Both alike carried out the system which Descartes and Bacon had inaugurated, of finding the standard of truth in the analysis of the powers of the human understanding. But Bentham criticised to destroy the past; Coleridge to rebuild it. The one asked, Is a doctrine true? The other asked, what men had meant by it who had thought it so?(900) The one overlooked the truth previously known; the other too boldly strove to rebuild it from his own consciousness, after surrendering the old proofs of it. The one, with the practical spirit of the Englishman, looked upon an opposing opinion only as an object suited for attack; the other, with a spirit caught from Germany, felt that there was some truth everywhere latent. But both were reformers; both stimulated the revolt against the cold spirit of the last century; both contributed to create, the one indirectly, the other intentionally, a subjective spirit by their psychological analysis.

Even movements which at first sight seem most alien to this spirit in character, have really been affected unconsciously by it.(901) The ecclesiastical reaction which sprang up about a quarter of a century ago, though seemingly most objective in its nature, witnessed not less than the very opposite, or rationalistic tendency, to the presence of this influence. For both alike were founded on the idea that religion lacked a philosophical groundwork: both sought a new ground of faith different from that of the last century; the one in those utterances of consciousness which created a reverence for historic tradition; the other in those intuitions which were supposed to rise above scripture and tradition, and to form the basis and measure of both.

The causes just named in literature and philosophy respectively, are some of those which have contributed to create or to foster the change in the character of the literature, and in the spirit of the age, which has produced the alteration of tone which exists in the modern sceptical literature.

In passing from these remarks on the peculiarly subjective tone of modern unbelief, and the literary influences which have produced the general change in the public taste, of which it is only one example, to an enumeration of the authors who have given expression to doubt, and of the specific forms of doubt now existing, we encounter a difficulty of classification.

The most obvious arrangement would be to place the writers in groups, according as they manifest a tendency toward atheism, pantheism, deism, or rationalism,(902) respectively; but the mode which more nearly accords with our general purpose would be to adopt a philosophical rather than a theological classification, and arrange them according to the variety in the tests of truth employed by them, and the sources from which their arguments start, rather than the conclusions at which they arrive.
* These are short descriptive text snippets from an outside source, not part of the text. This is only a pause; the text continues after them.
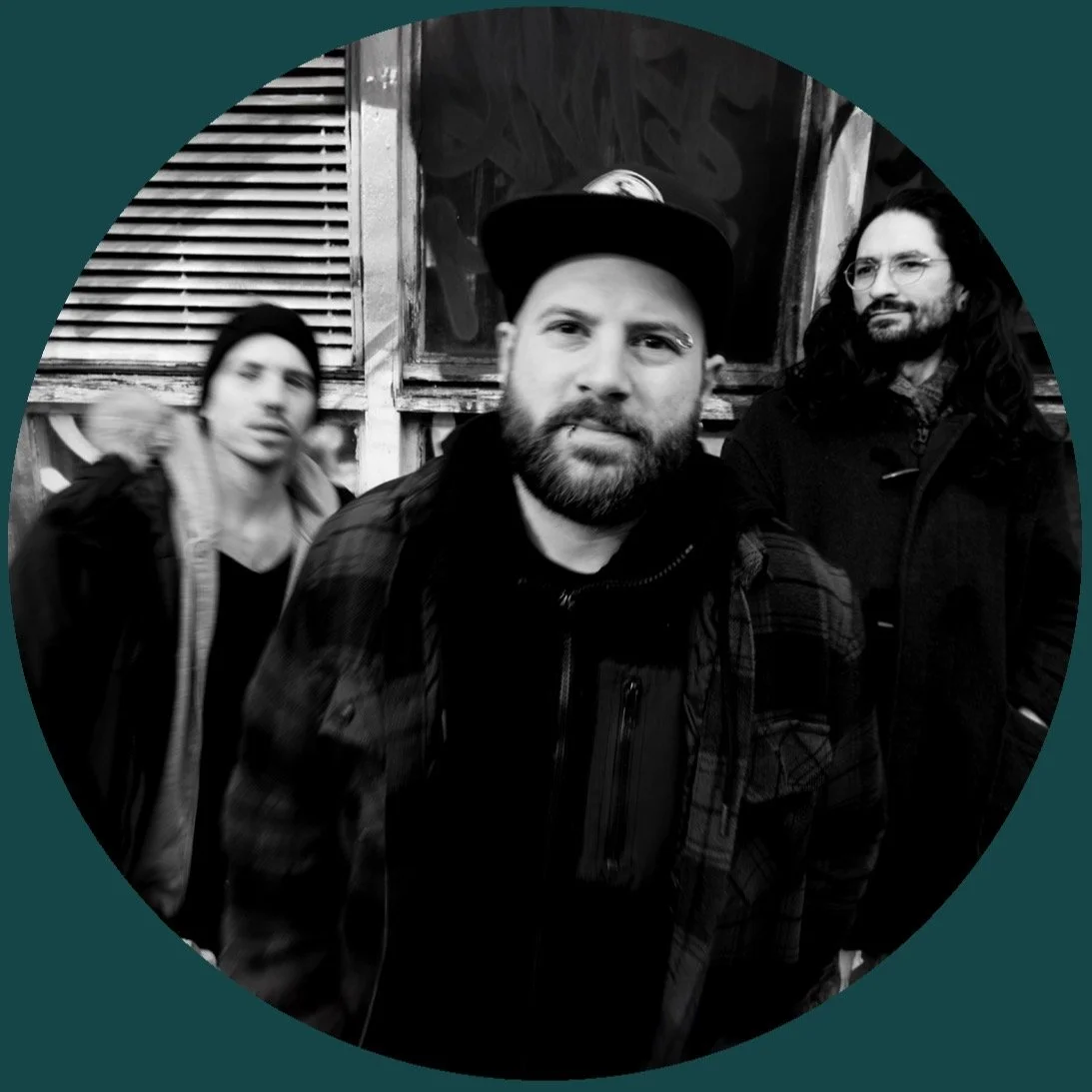 27 september p&aring; Telefonfabriken! Kom och fira Something Deads nya album, med ett speciellt upptr&auml;dande du inte vill missa tillsammans med support fr&aring;n n&aring;gra v&auml;nner. 

Something Dead &auml;r en alternativ rocktrio baserade 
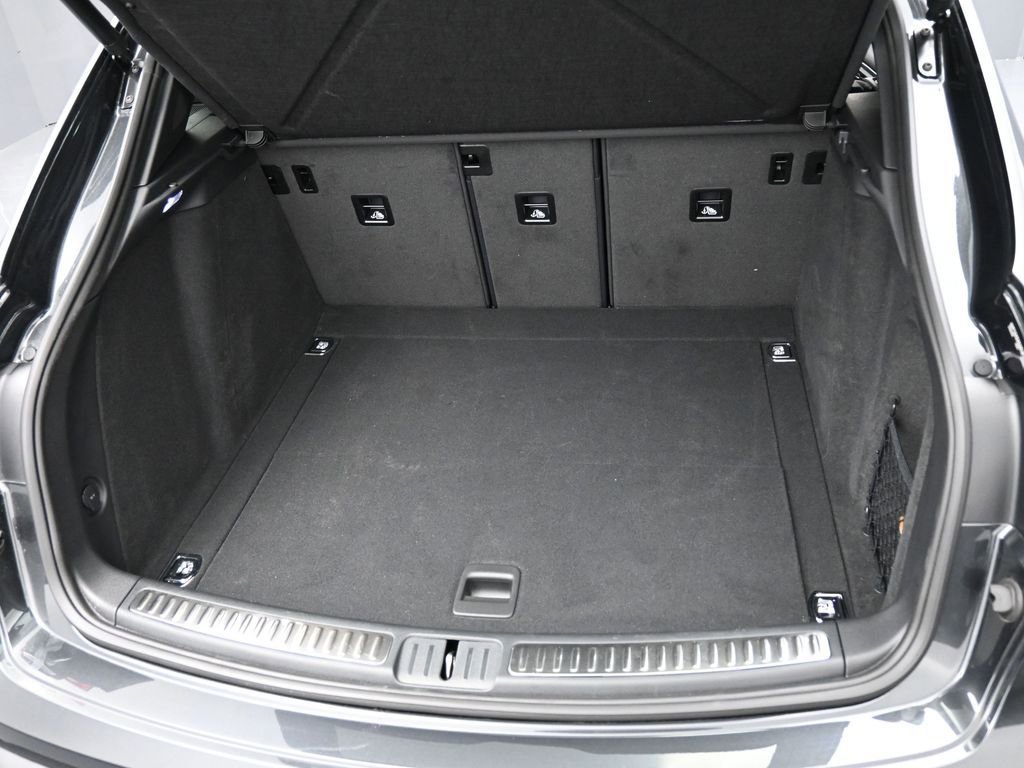 Certified 2025 Porsche Macan image 33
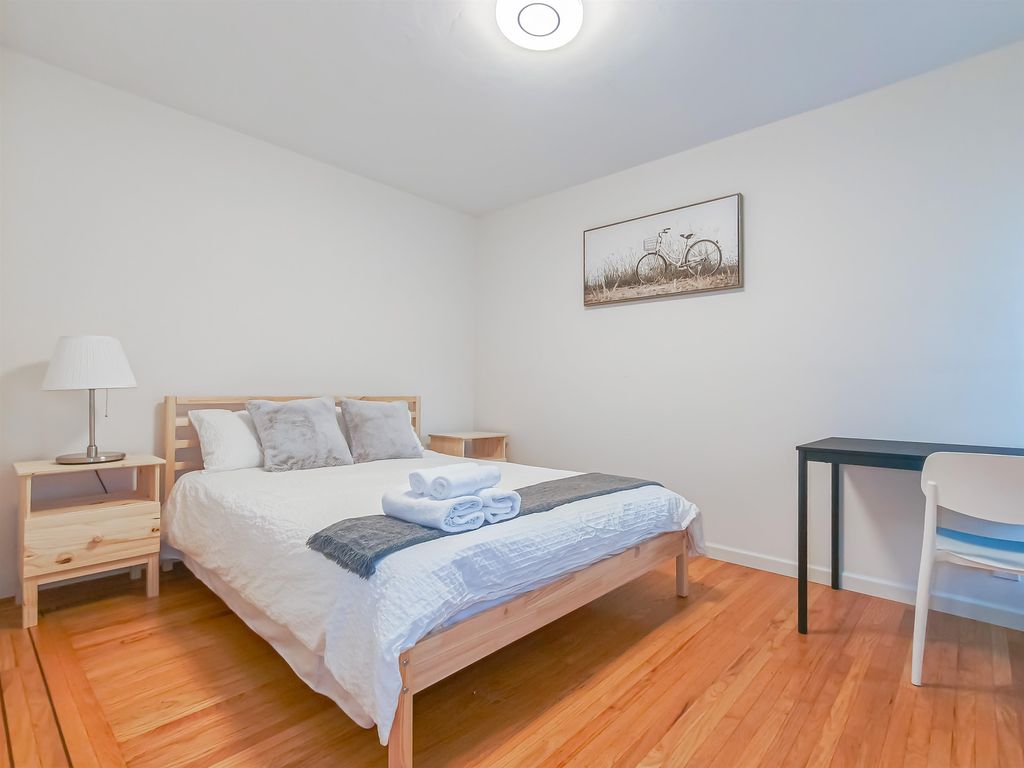 listing image 1108846139315382791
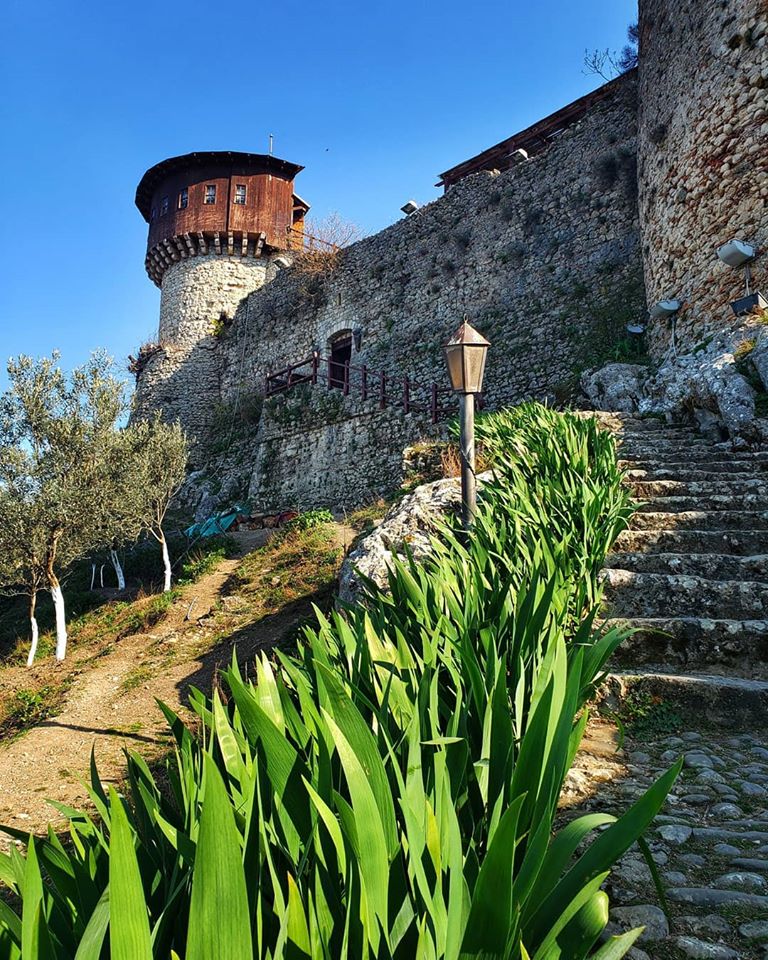 قلعة تيرانا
Perhaps the advantage of both plans will be in a great degree combined, if we classify them according to the branch of science, physical, mental, or critical, from which the doubts take their rise.

We shall commence with those writers who make sensation to be the last appeal in belief, or whose doubts arise either from the methods or the results of physical science. This class of opinions varies from positive disbelief of the supernatural, generated by the fixed belief in the stability of nature and disbelief of miraculous interference, to merely isolated objections suggested by the conflict between the discoveries of natural science and the statements of holy scripture.

The name which most fitly describes the extreme form of unbelief is Positivism.(903) This system of philosophy, already stated to have been invented by Comte, is silent about the existence of a Deity. It inculcates the belief in general laws, and acknowledges the order in Nature, which we are accustomed to regard as the result of mind; but declines to argue to the existence of a designing mind, where the evidence cannot be verified by proof referable to sensation. Nature's laws are in its view the only Providence; obedience to them the only piety. A few minds may be found, which not only accept the positive philosophy, but even receive the religion taught in the positivist catechism.(904) Unable to satisfy the longings of their heart by this system of Cosmism, they receive the extravagant idea of the worship of humanity, which Comte invented in his later days.

Such a creed cannot hold the masses. But Positivism in another shape, called Secularism,(905) is actively propagated among the lower orders. Replacing the sensuous philosophy and political antipathies of Owen, it is taught, unconnected with the political agitation which marked his views, as a philosophy of life, and a substitute for religion. It asserts three great principles:—first, that nature is the only subject of knowledge; the existence of a personal God being regarded as uncertain: secondly, that science is the only Providence: and thirdly, that the great business of man is, as the name, secularism, implies, to attend to the affairs of the present world, which is certain, rather than of a future, which is uncertain. Not content however with this negative position, the writers of this class, as was to be expected, have directed positive attacks against the special doctrines of Christianity, and regard the Bible to be the enemy of progress.(906)

It is impossible to estimate the extent to which these views are diffused. The statistics of the sale of secularist tracts would doubtless give an exaggerated idea of it. The high standard of morality advocated in them, so likely to attract rather than repel, the clear writing, and the agreement of the views with the experience afforded by the daily life of working men, give them power among the lower orders. The absorbing character of labour has a tendency, especially in an advanced state of civilization, to depress the sense of the supernatural in man, and fix his thoughts on the present world: and it is generally the sense of trouble alone which can lift men out of themselves, and recall to their remembrance the presence of a God on whom the sorrowing heart may lean for help.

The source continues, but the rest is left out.